24th Infantry Division is a formation of the Bangladesh Army. It is one of the three infantry division in Chittagong Division. It is headquartered in Chittagong Cantonment in the Chittagong District. It is the largest infantry division of Bangladesh Army.

History 
After the liberation war five brigades of Bangladesh army was formed. Among them 65th Infantry Brigade was headquartered in Chittagong.

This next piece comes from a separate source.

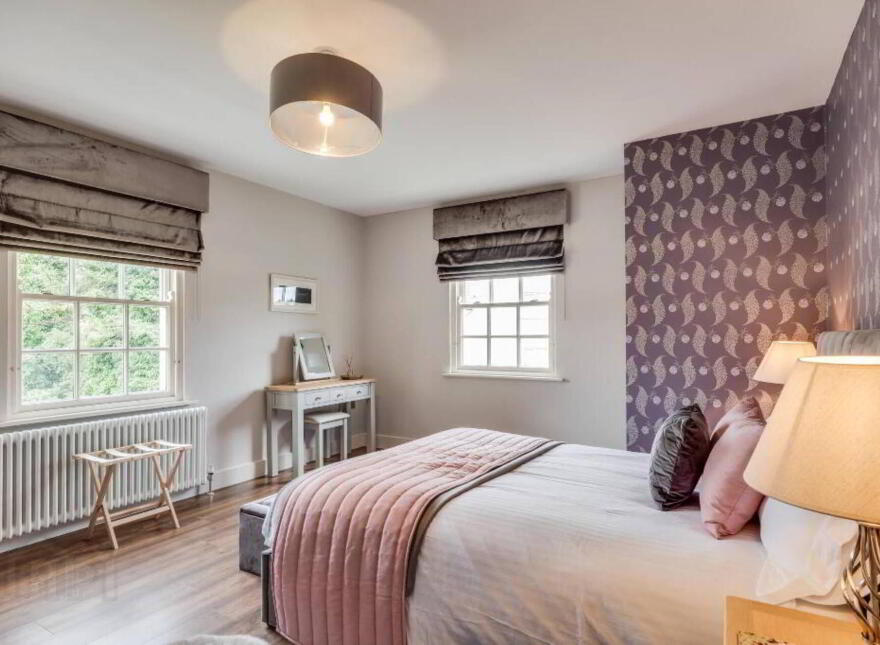 85 Lough Erne Golf Resort, Enniskillen, BT93 7FA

Later (in 1977) the brigade was upgraded to the 24th Infantry Division. Major General Mizanur Rahman Shamim is the current GOC. The division is covers the Chittagong Hill Tracts. 24th Infantry division is the largest infantry division that compromises 33% of the personal of Army.

Components 
 24th Artillery Brigade (Guimara Cantonment)
 69th Infantry Brigade (Bandarban Cantonment)
 203rd Infantry Brigade (Khagrachari Cantonment)
 305th Infantry Brigade (Rangamati Cantonment)

Operation Dragon Drive 
Post-independence, Purba Banglar Sarbahara Party emerged as one of the main opponents of the new Awami League-government. In April 1973 the Purba Banglar Jatiya Mukti Front, a coalition of 11 groups, was formed. After the formation of the front, the party initiated a campaign of armed struggle against the Bangladeshi state. The party was active in the Dhaka, Barisal, Faridpur, Mymensingh, Tangail, Chittagong, Sylhet and Comilla districts. It carried out assassinations of Awami League cadres and attacks on police stations throughout the country.

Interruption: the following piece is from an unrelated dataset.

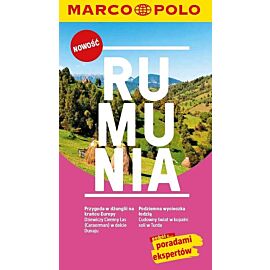 Rumunia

At the request of request of Sheikh Mujibur Rahman then 65th Infantry Brigade commander Dastgir took over counter-insurgency operations in his command area and led Bangladesh's first successful combined army, navy, air force military operation called "Operation Dragon Drive" in the Chittagong Hill Tracts region against "Shorbohara" separatist insurgents in the Chittagong Hill Tracts.

Assassination of Ziaur Rahman 

On 29 May 1981 Zia went on tour to Chittagong to help resolve an intra-party political dispute in the regional BNP. Zia and his entourage stayed overnight at the Chittagong Circuit House in Chittagong Cantonment. In the early hours of the morning of 30 May, he was assassinated by a group of army officers led by GOC of 24th Infantry Division Major General Abul Manzoor. Also killed were six of his bodyguards and two aides.

Manzoor was killed shortly after while being captured. 18 officers were brought before a military tribunal, 13 were sentenced to death whilst 5 were given varying prison sentences a hasty trial in a military court.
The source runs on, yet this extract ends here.